• _REQUIREMENT_: Your answer must be a word-for-word copy of the listing below, minus its pictures.

[COLLECTED MATERIAL]

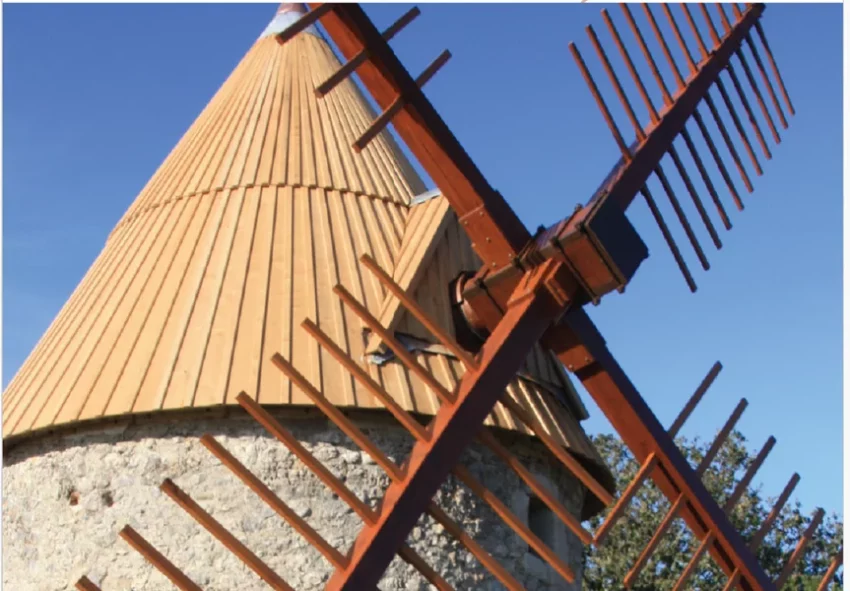 Visite guidée du Moulin de Beauvert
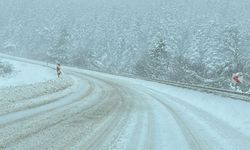 Kastamonu – İnebolu Karayolu ağır araç trafiğine kapatıldı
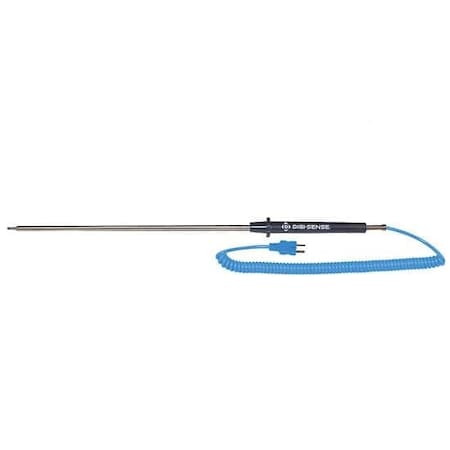 Type-T, Extra-Long SS Probe, Mini-Conn, MPN:93756-40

[/COLLECTED MATERIAL]

• _THE COMPLETED TASK_:
 Visite guidée du Moulin de Beauvert
 Kastamonu – İnebolu Karayolu ağır araç trafiğine kapatıldı
 Type-T, Extra-Long SS Probe, Mini-Conn, MPN:93756-40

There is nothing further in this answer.